Je le disais plus haut, certains tableaux sont forts, parce que menés par des originaux, mais aussi parce qu'ils sont exposés très crûment. Le plaisir de la littérature, par rapport au cinéma, c'est qu'il n'y a pas d'imbroglio au sujet de la psychologie des personnages. Dans un livre, on lit leurs pensées, on ne les devine pas. Elles nous sont montrées en pleine face. Les personnages de Jennifer Egan pourraient être tordus, mais ils ne le sont pas. Ils ont beau essayer de jouer un jeu, de se fabriquer une façade, comme les personnages qu'ils essaient parfois de jouer, ça ne prend pas. L'auteur nous montre leur vraie nature. La starlette insipide est peut-être plus brillante qu'il n'y paraisse; la communicatrice fonçeuse est peut-être plus vulnérable que ce qu'on perçoit d'elle; le chanteur sans ambition est peut-être celui à qui l'avenir sourira le mieux!
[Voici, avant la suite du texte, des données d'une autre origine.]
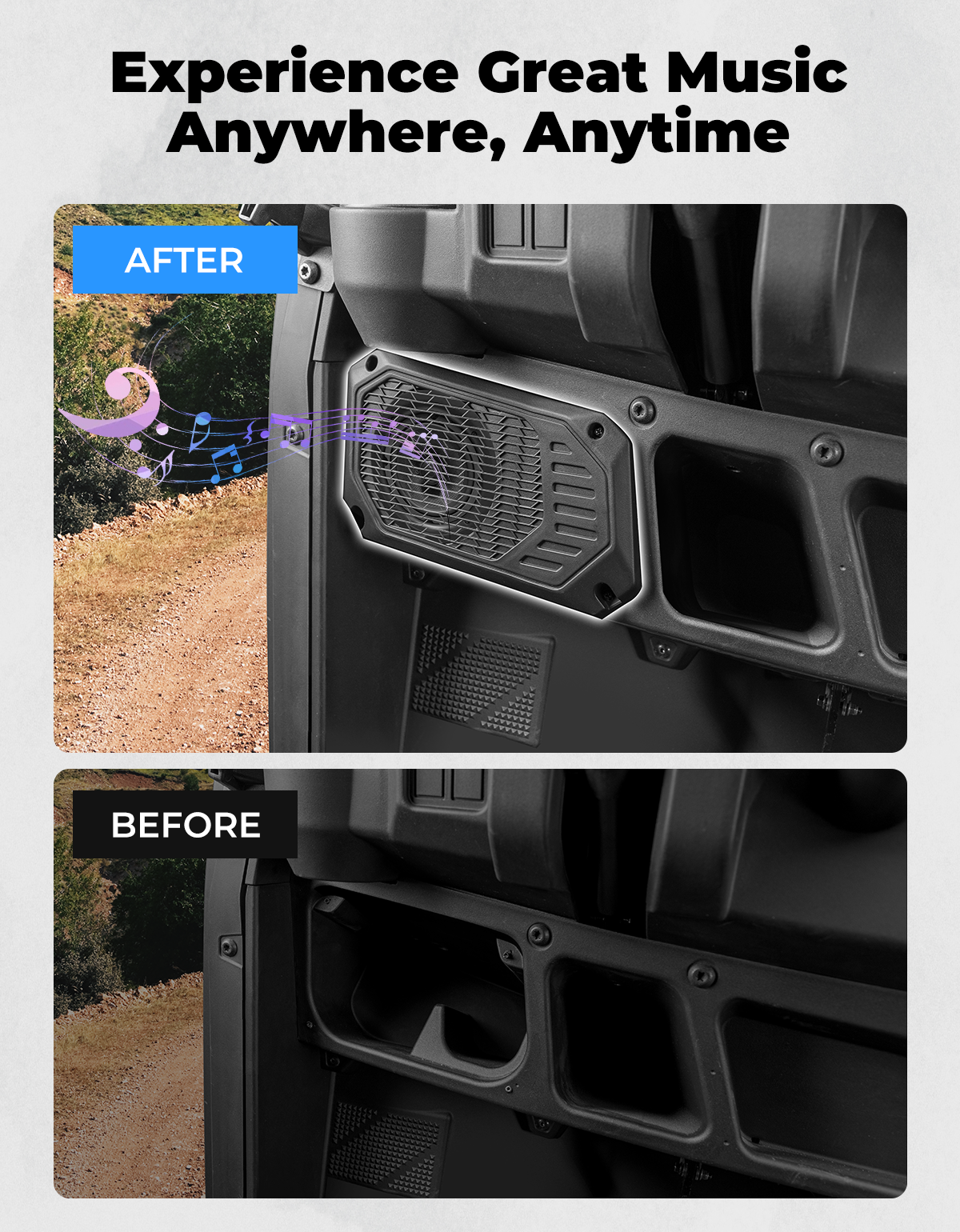 Photo of Under Dash Speaker Pods for Polaris Ranger XP 1000/Crew 2018-2025 by Kemimoto - Premium for UTVs / Side by Sides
De l'ami qui apporte un poisson dans le bureau d'un vieux pote rendu célèbre, jusqu'au concert publicisé par un wannabe producteur qui utilise ses amis de médias sociaux somme véhicules publicitaires sans qu'ils s'en rendent compte, on assiste, à travers les mots de Jennifer Egan, à ce qui se passe dans les coulisses de la société américaine. On regarde derrière le vernis, on laisse tomber les masques et même si ce n'est pas toujours beau, c'est tout aussi fascinant que ce qui se passe sur scène. Egan a remporté le Pullitzer Price en 2011 pour ce bouquin. Ma foi, c'est amplement mérité.

À lire, pour se divertir et pour réfléchir en souriant... et en grinçant un peu des dents.